While anger can be powerful, there’s also an awareness that this can be toxic and misdirected. In Malcolm X, Lee displays this through the aggressive misogyny displayed throughout the film. At first, this is framed through the complex mix of hatred and desire for Sophia (Kate Vernon), a white woman who the young Malcolm Little dates before he’s imprisoned. It can also be seen later in the Nation of Islam, with its patriarchal structure and teachings, as well as the way that Elijah Muhammad, in particular, treats the women of his congregation. This fits within a long and storied history of the mistreatment of women within the Civil Rights Movement (and other similar movements) under the guise of the “reassertion of Black masculinity,” where women (particularly Black women) are made to suffer as a result of men turning that justified anger into misogynistic hatred.
Crucially this hatred is never praised or justified by Lee, particularly in the extended scenes between Washington and Vernon, which are deliberately allowed to be deeply uncomfortable and tense. In this, the film clearly follows Audre Lorde’s distinction between anger and hatred where “Hatred is the fury of those who do not share our goals, and its object is death and destruction. Anger is a grief of distortions between powers and its object is change.” I would still say one of the biggest flaws of the film is that Lee doesn’t push hard enough on the specifically gendered hatred. There’s still a consistent uncritiqued sexism throughout the film which relegates Betty Shabazz to The Sad Wife, even with Angela Bassett’s phenomenal performance in the role. In fixating on Malcolm’s postion as ‘our manhood’, Lee fails to centre the many women in the movement around him and their anger, even whilst nominally decrying the misogyny present in the Civil Rights movement. Much like in She’s Gotta Have It, Lee makes a real attempt at confronting the gender politics of his focus but doesn’t entirely stick the landing.

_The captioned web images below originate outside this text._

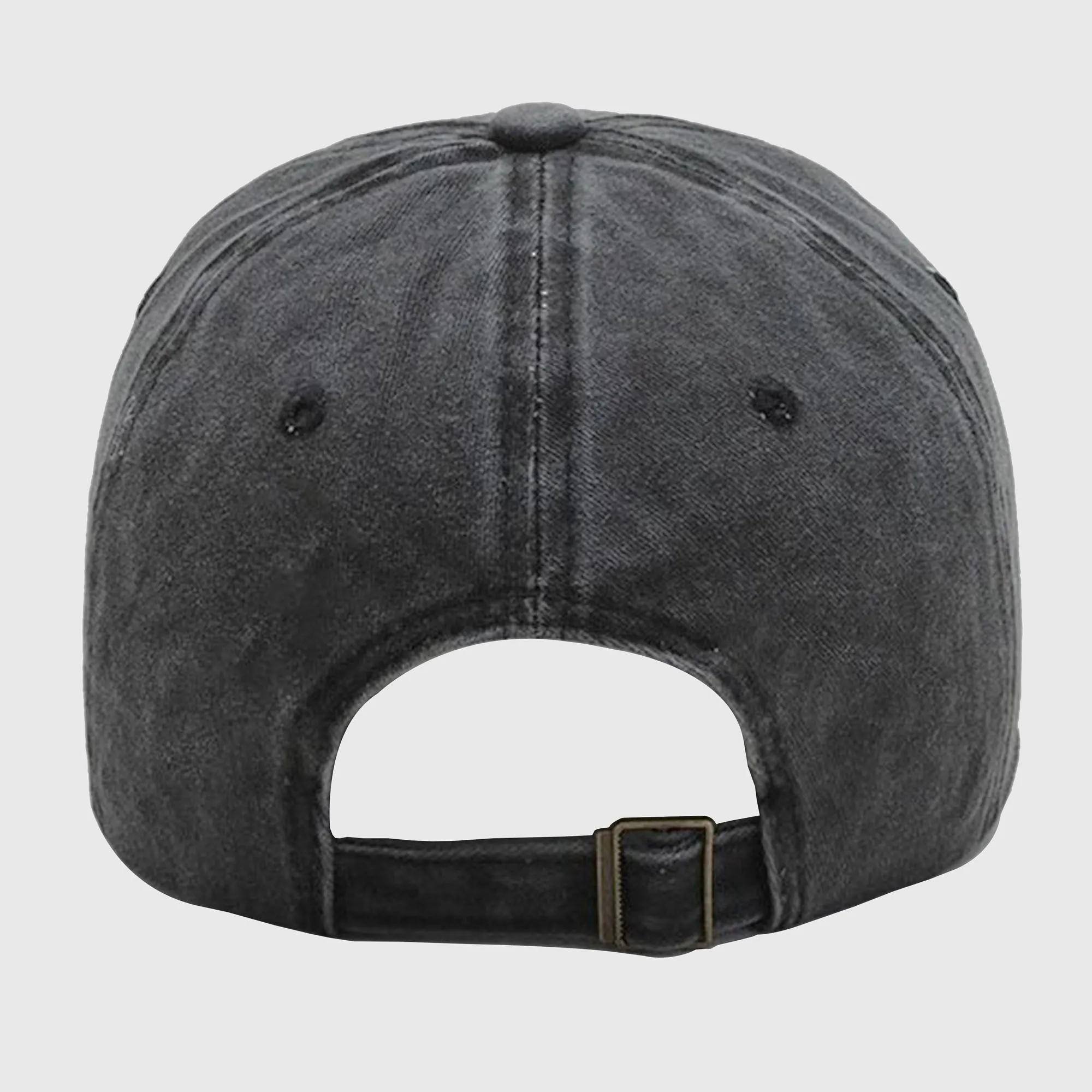 Anna-Kaci Women's Vintage Washed Baseball Cap with Cute Seal Embroidery sold by Anna-Kaci product image thumbnail 3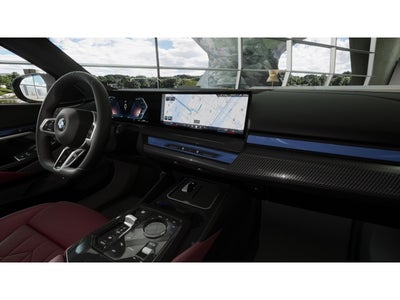 2027 BMW 5 Series 540i xDrive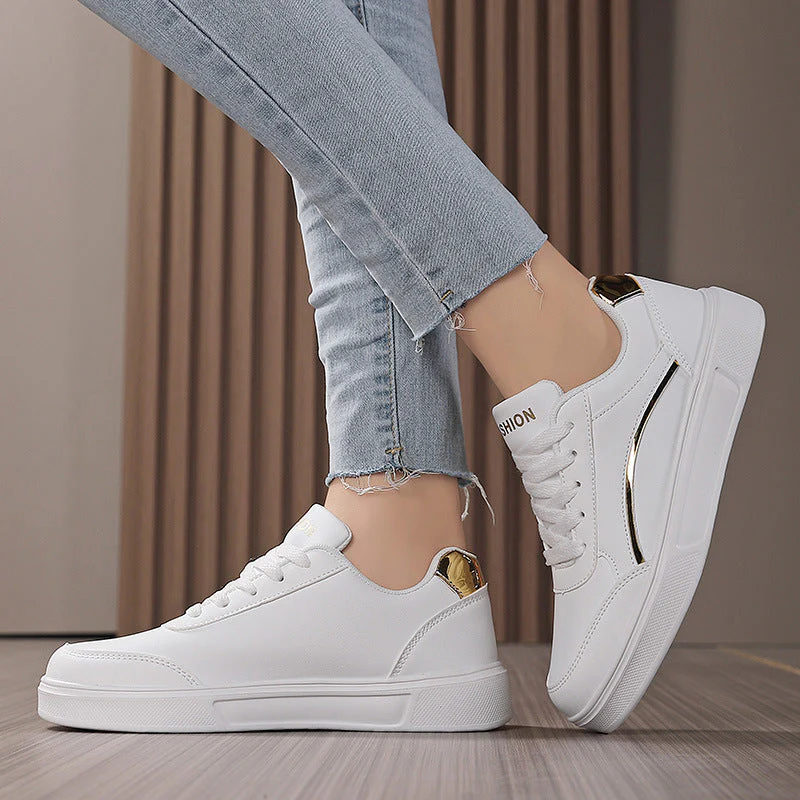 Leichte Damen-Sneaker mit elegantem Design Heidi Mode - Image 2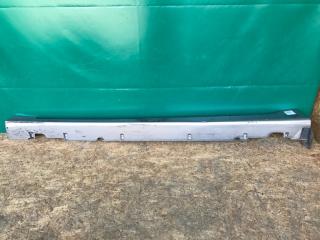 Накладка порога наружная левая SONATA YF 10-14 2013 Седан 2.4 G4KK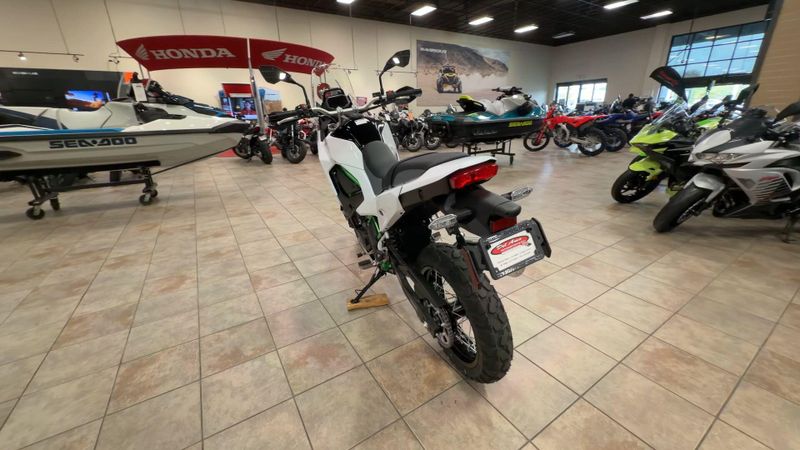 New 2026 Kawasaki KLE500 SE ABS Image 7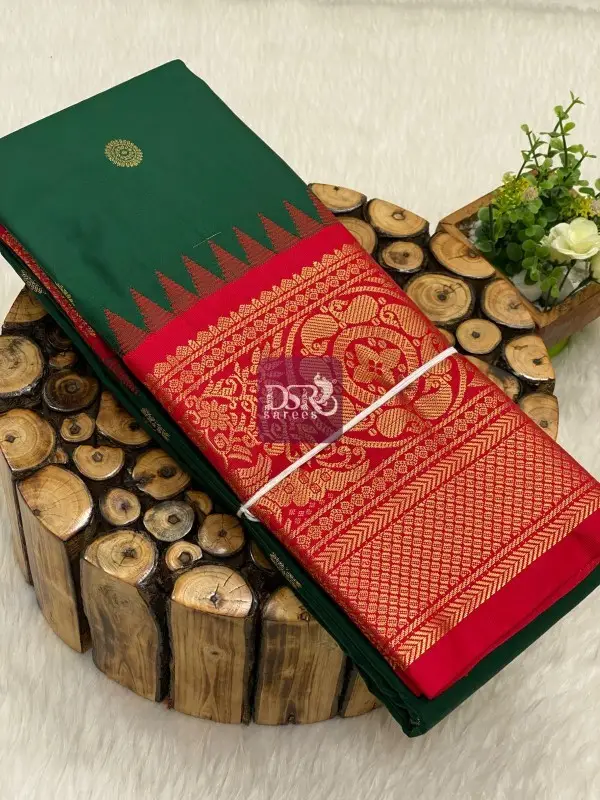 Premium Gadwal Sarees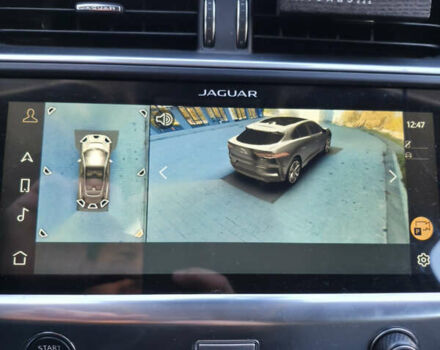 Ягуар I-Pace 2020 в Львове на Automoto.ua Серый Ягуар I-Pace, объемом двигателя 0 л и пробегом 148 тыс. км за 23200 $, фото 16 на Automoto.ua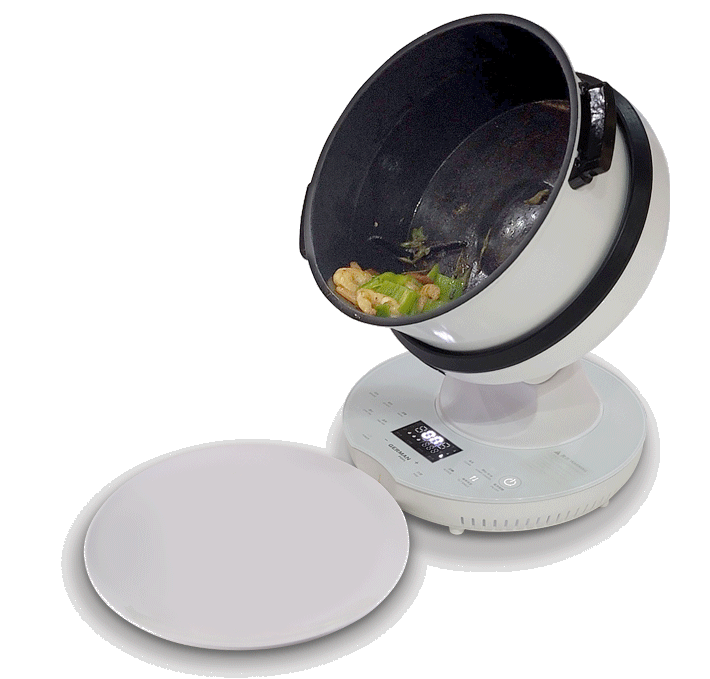 易潔不黏塗層內鍋一抹乾淨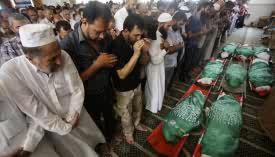 Serangan Brutal Israel Sudah Bunuh 100 Lebih Muslim Palestina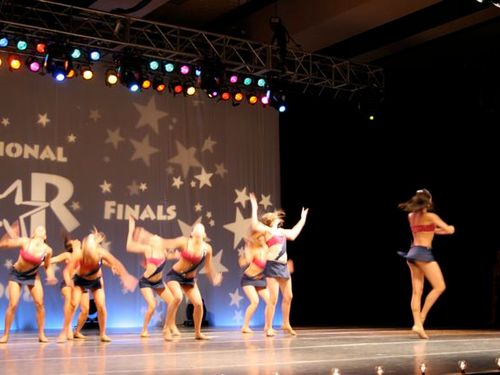 LAS VEGAS FINALS - 7/6/2008 - Awards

Despite all this righteous anger, Malcolm X reminds us that this feeling isn’t all that we as Black people have. Alongside the trauma and rage there are moments where Lee’s jovial and frenetic style can come through. This is especially present in the stylized dance scenes, with crowds of Black people just living their lives and enjoying each other’s presence with some electrifying music. There’s also the little moments in the relationships throughout the film. Washington and Spike Lee (playing Shorty, Malcolm’s best friend) have a sweet and playful chemistry that offsets the pain and cruelty. Similarly, in the moments we get of Bassett and Washington’s connection, their fantastic acting allows for love to exist in the midst of oppression. In giving us these little moments of joy and love, Lee ensures that our vision of Malcolm is that of a full human rather than just a furious piece of Black history.
Black people have a lot to be angry about, and in this film, Lee uses Malcolm X to represent that anger. But he also represents our joy and happiness, because that’s what’s key. The anger comes from a place of love and a desire for change – that is Malcolm X.